WORK TO BE COMPLETED ->
In the material below, find the line containing "Om Symbol Meditation" and output it and all lines after it exactly, through the last one, without the pictures.

SUPPLIED DATA ->
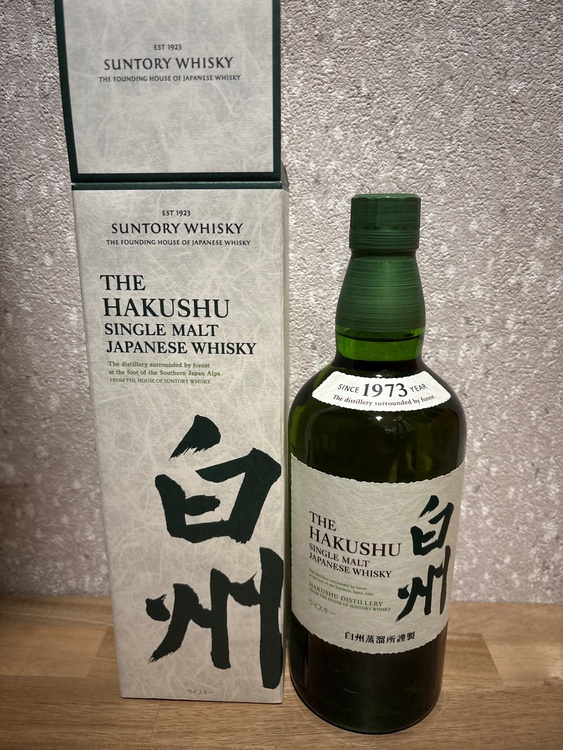 白州　シングルモルト（お酒）の商品画像 - 査定依頼日：2026年3月8日 - 最高査定価格：9,500円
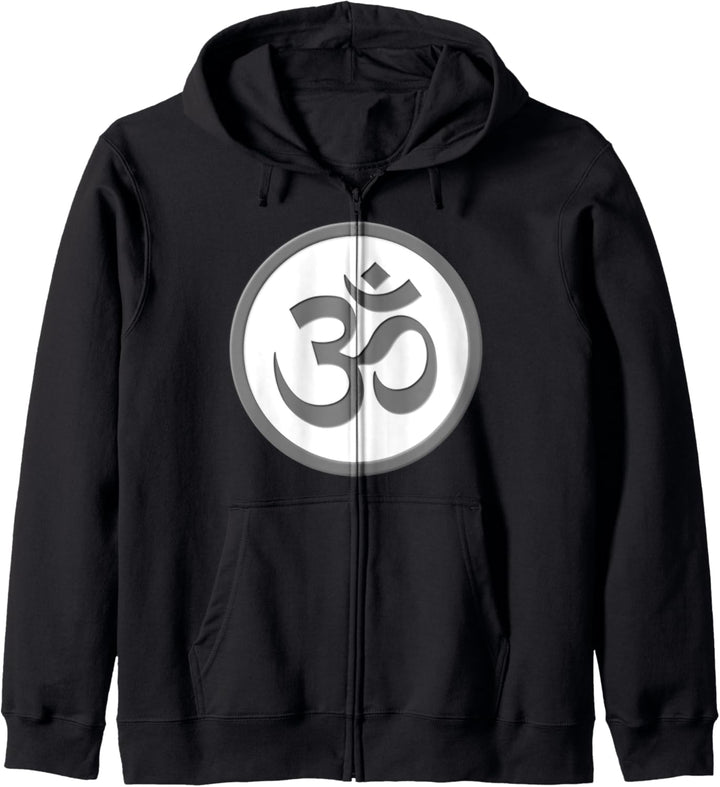 Om Symbol Meditation Gruppe Meditate Class Kapuzenjacke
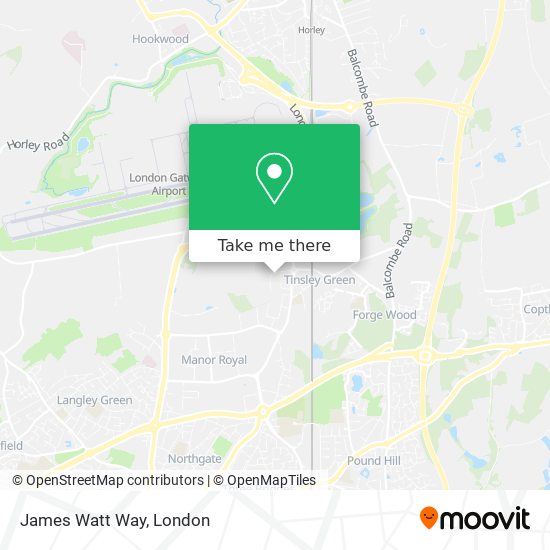 James Watt Way map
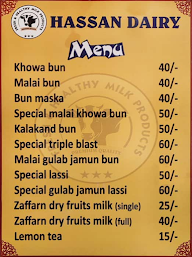 Harsha Sweets menu 2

FINISHED TASK ->
 Om Symbol Meditation Gruppe Meditate Class Kapuzenjacke
 James Watt Way map
 Harsha Sweets menu 2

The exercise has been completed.